Get the Nutrition Facts

Considering these factors, how should people with diabetes go about using the new food label?

They can begin with the Nutrition Facts panel, usually on the side or back of the package. A column headed %Daily Values shows whether a food is high or low in many of the nutrients listed.

People with diabetes should check the %Daily Values for fat, saturated fat, and cholesterol. As a rule of thumb, if the number is 5 or less, the food may be considered low in that nutrient.

The goal for most people with diabetes is to pick foods that have low %Daily Values for fat, saturated fat, and cholesterol and high %Daily Values for fiber. Other label nutrition information can help people with diabetes see if and how a food fits into their meal plan.

To see how this information appears on a food label, see Key Food Label Information for People with Diabetes (a 616K PDF file).

Serving Sizes

The serving size information gives the amount of food to which all other numbers on the Nutrition Facts panel apply.

Serving sizes now are more uniform among similar products and reflect the amounts people actually eat. For example, the reference amount for a serving of snack crackers is 30 g. Thus, the serving size for soda crackers is 10 crackers and for Goldfish Tiny Crackers, 55, because these are the amounts that come closest to 30 g.

The similarity makes it easier to compare the nutritional qualities of related foods.

People who use the Exchange Lists should be aware that the serving size on the label may not be the same as that in the Exchange Lists. For example, the label serving size for orange juice is 8 fluid ounces (240 milliliters). In the exchange lists, the serving size is 4 ounces (one-half cup) or 120 mL. So, a person who drinks one cup of orange juice has used two fruit exchanges.

Calorie and Other Information

The Nutrition Facts panel also gives total calories and calories from fat per serving of food. This is helpful for people who count calories and monitor their daily percentage of calories from fat.

Here's how to use calories from fat information: At the end of the day, add up total calories and then calories from fat eaten. Divide calories from fat by total calories. The answer gives the percentage of calories from fat eaten that day. For example, 450 calories from fat divided by 1,800 total calories = 0.25 (25 percent), an amount within the recommended level of not more than 30 percent calories from fat.

The label also gives grams of total carbohydrate, protein and fat, which can be used for carbohydrate counting.

The values listed for total carbohydrate include all carbohydrate, including dietary fiber and sugars listed below it.
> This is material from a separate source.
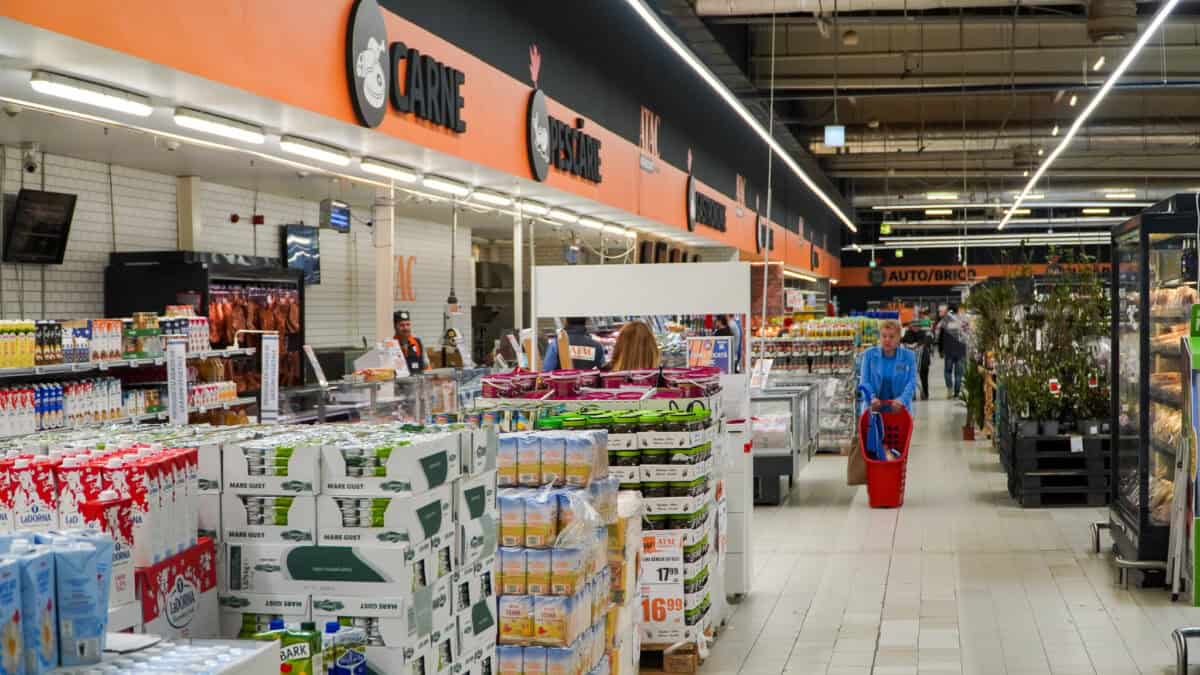 auchan sărbătorește majoratul cu peste 1.000 de oferte și reduceri de neratat. iată ofertele lunii din magazinul atac hiper discount by auchan!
Not singled out is complex carbohydrates, such as starches.

The sugars include naturally present sugars, such as lactose in milk and fructose in fruits, and those added to the food, such as table sugar, corn syrup, and dextrose.
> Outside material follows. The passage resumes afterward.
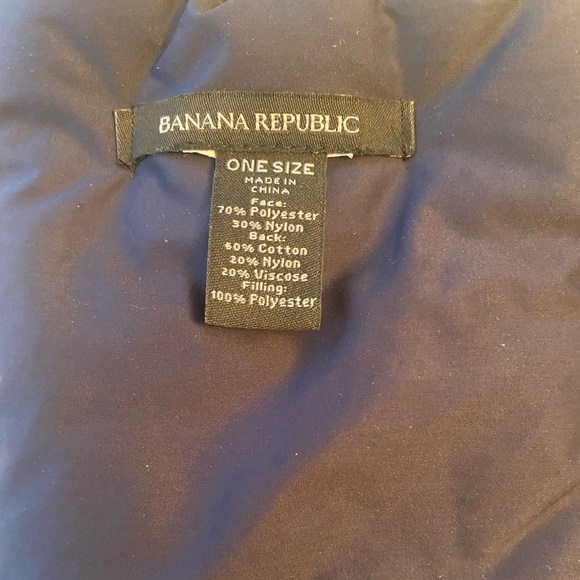 Banana Republic “Down” Poly filled scarf Navy/Grey - Picture 7 of 10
The listing of grams of protein also is helpful for those restricting their protein intake, either to reduce their risk of kidney disease or to manage the kidney disease they have developed.

Front Label Info

Elsewhere on the label, consumers may find claims about the food's nutritional benefits. Often, they appear on the front of the package, where shoppers can readily see them. These claims signal that the food contains desirable levels of certain nutrients.

Some claims, such as "low-fat," "no saturated fat," and "high-fiber," describe nutrient levels. (See A Little 'Lite' Reading, in the FDA Consumer Special Report "Focus on Food Labeling.") Some of these are particularly interesting to people with diabetes because they highlight foods containing nutrients at beneficial levels. (See "Nutrient Claims Guide.")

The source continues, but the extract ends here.